In a sense this all feels a little bit liberating, in a perverse sense: a few years ago I used to talk with friends about the way events seemed to be accelerating, the catastrophe of climate change fast approaching, and often I was stared as if I were a madman (not entirely inaccurate). The world, even after Trump’s election and the like, still felt somewhat stable? Like it was the world we always knew, but a bit worse for wear. So we could be comfortable in our expectation that yes, times are bad, but they’ve been worse, and we’re here after all. But the years kept on piling on, and our certainties revealed themselves to be what they actually are: assumptions. Nothing more than the things we believe must be like this, which is nothing but a certain sense of temporal and geographical parochialism. There is nothing timeless about the world in which we live; therefore, there is nothing that guarantees that it’ll stay the same—in fact, if there is one singular certainty is that it will change, inevitably. The fact that things are as they are is nothing more than the direct effect of each person’s (and institution’s, corporation’s, etc.) actions, the causality of all choices.

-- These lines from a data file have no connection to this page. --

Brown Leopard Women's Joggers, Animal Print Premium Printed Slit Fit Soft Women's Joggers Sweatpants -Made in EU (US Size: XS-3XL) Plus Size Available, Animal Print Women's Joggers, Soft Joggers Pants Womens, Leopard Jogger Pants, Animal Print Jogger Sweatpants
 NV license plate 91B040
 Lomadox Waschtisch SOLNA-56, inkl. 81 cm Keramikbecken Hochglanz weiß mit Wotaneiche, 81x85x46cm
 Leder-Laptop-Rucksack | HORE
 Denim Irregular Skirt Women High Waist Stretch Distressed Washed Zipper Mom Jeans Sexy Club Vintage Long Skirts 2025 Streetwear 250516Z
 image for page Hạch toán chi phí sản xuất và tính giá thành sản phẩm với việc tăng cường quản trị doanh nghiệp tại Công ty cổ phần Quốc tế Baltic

I by no means intend to say that this world is “our responsibility”, as if the phrase had any significant meaning. But I intend to say that, perhaps in a microscopic sense, our choices add up, be it strictly within the domain of our personal lives, or perhaps on a greater sense, depending on how much power a person has.
The future, in this sense, is the result of both inevitabilities (the phenomena which already are in motion and which cannot be stopped, merely dealt with) and uncertainties (how will each person act?) How will I act? I don’t know, of course, since I don’t know what will happen and in which circumstances. But overall one can look at this present moment and perhaps think about their decisions in this exact instant. I have decided to make this website, and to write in it (though not so much to keep the schedule I proposed myself…) What will be the consequences of this decision? Probably small. I can’t see myself having a particularly large readership, or my words having meaningful influence. But maybe by writing I can make a small impact on someone? Perhaps tiny, but still, something is better than nothing. This is enough. Success is knowing that one decided to do something and did it. No more, no less. What comes of it remains unknown, until the moment it reveals itself in glorious, terrible, spectacular, disappointing, or whatever other adjective, fashion.